Just when you think that the Republican nomination race can’t get any more surreal, it does. For months now it’s resembled a Spinal Tapish mockumentary.
Bachman lauds the founding fathers for their struggle against slavery. Then at the height of her mini-surge she warns that a perfectly safe inoculation causes mental retardation. Perry can’t remember what government departments he proposes abolishing, he delivers a rambling Bullworthian speech in New Hampshire and most recently accuses NATO ally Turkey of being run by terrorists. Cain unveils an economic plan that The Economist characterizes as Dial 9-9-9 for Nonsense. He painfully lurches through a question on Libya (that’s the one with Gaddafi, right?) where he slams Obama even though he admits he might well have done exactly the same (but for different reasons!). Finally his back catalogue of workplace harassment and an ongoing affair catch up with him. Romney (corporations are people), accused of being an out-of-touch 1%er, offers to bet Perry $10,000 in an Iowa debate where acceptance of the wager would have broken the state law. Santorum, well, do I really have to cite examples? Just Google him.

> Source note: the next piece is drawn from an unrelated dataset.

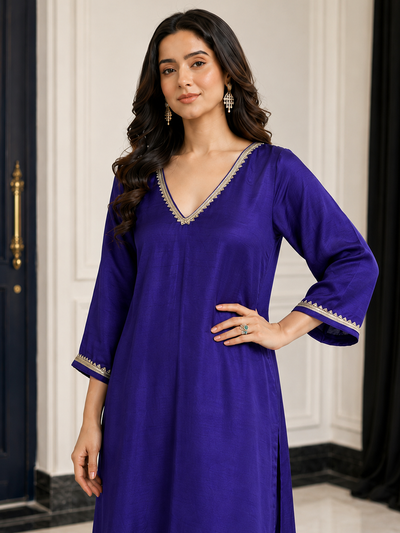 PURPLE KURTA SET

Then there’s Newt. Multiple adulterer who condemns it in others, self-denying lobbyist (Fannie Mae really needed a historian for a million bucks?!?), Lafferable supply-sider who castigates Romney for too-creative destruction. And now the latest. The attack ad disparaging Romney for, among other things, speaking French.
Leave aside the fact that Newt’s own dissertation includes French sources in his bibliography. Don’t bother pondering why a youthful Romney would be trying to convert the French citizenry to a religion that prohibits wine. But has dumbing down sunk so far that knowledge of a foreign language counts against you? I had reckoned that disbelieving global warming and evolution set the ignorance standard. What was I thinking?
At any rate the controversy put me in mind of the brilliant opening scene of Tom Stoppard’s Dirty Linen. With a few tweaks…
Romney and Gingrich have gone for brunch at Mitt’s club. Entering, Mitt holds the door.
Mitt – Après vous.
Newt – Toujours la politesse.
Mitt – Noblesse oblige.
Newt – Le mot juste.
Romney hands a menu to Gingrich.
Mitt – A la carte.
Newt – Hors d'œuvre, foie gras.
Mitt – Pour moi, nouvelle cuisine.
Newt – Haute cuisine!
Mitt – Bon appetit. Garçon!
Spying a newspaper, Gingrich catches up on Cain’s latest cause célèbre.
Newt – Ooh la la!
Mitt (grinning) – Cherchez la femme.
Newt – Une femme fatale.
Mitt – Brunette?
Newt – Blonde debutante. Petite divorcée
Mitt – Ménage à trois?
Newt - Droit du seigneur. Très risqué.
Mitt – Chacun à son gout.
Newt – Faux pas.
Mitt – Encore.
Newt – Plus ca change.
Mitt – Damned awkward though. Pardon my French.